/bayer_blog_parser

A Python plugin to automate the collection of posts from Bayer Zsolt's blog

Primary LanguageHTML

Parser for Bayer Zsolt's blog

Build Status

This repo contains a minimal Python library for parsing posts from the blog of Bayer Zsolt, a well-know political publicist in Hungary. I developed it for Python 2.7 some time ago when I needed a Hungarian text corpus for NLP experiments.

Usage

The heart of this library is a class named BayerBlogParser. Its constructor receives one optional argument: depth defines how many pages on the blog should be parsed to collect blog posts. If nothing is provided, all pages (meaning all blog posts) are going to be parsed. Example usage:

from bayer_blog_parser.blog_parser import BayerBlogParser
post_data = BayerBlogParser().parse_all_posts()

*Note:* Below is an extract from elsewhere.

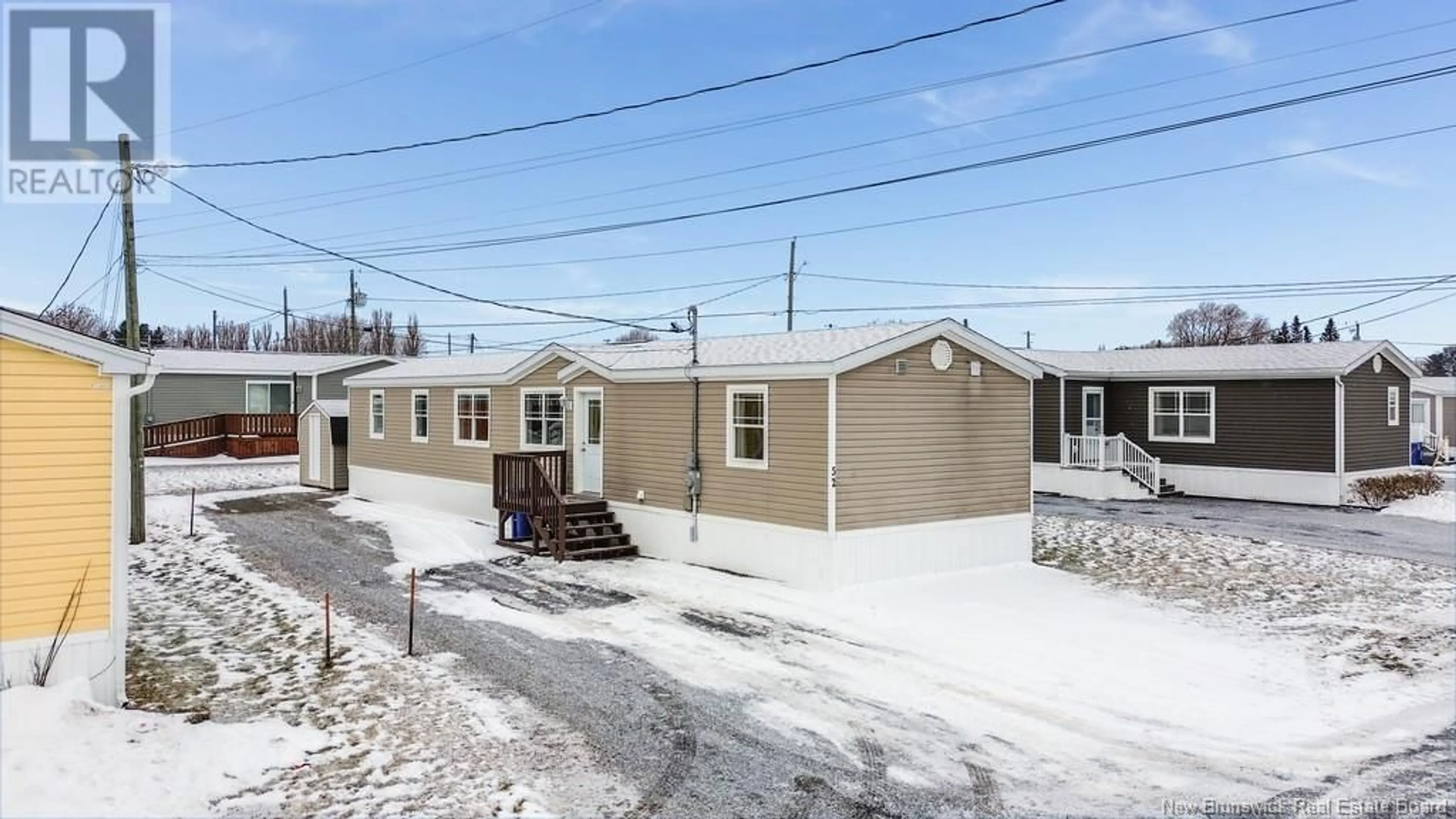 Home with vinyl exterior material, street for 52 Carr Lane, Jacksonville New Brunswick E7M0G2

After parsing, .parse_all_posts() will return a list of dictionaries with the following keys:

  • url - The blog post's URL
  • title - Title
  • author - Will be Bayer Zsolt most of the time :)
  • lead_text - The short summary text visible before opening the particular blog post
  • thumbnail_url - URL of the thumbnail picture
  • date - Date published
  • full_content - The full textual content. Paragraphs are separated by newline characters (\n)

You can make a pandas DataFrame from it quite easily: pd.DataFrame(post_data).

For an example, check out example_parse_all.py.

Installation

Just run python setup.py install.

Running the tests

Install dependencies pip install -r requirements.txt and execute nosetests.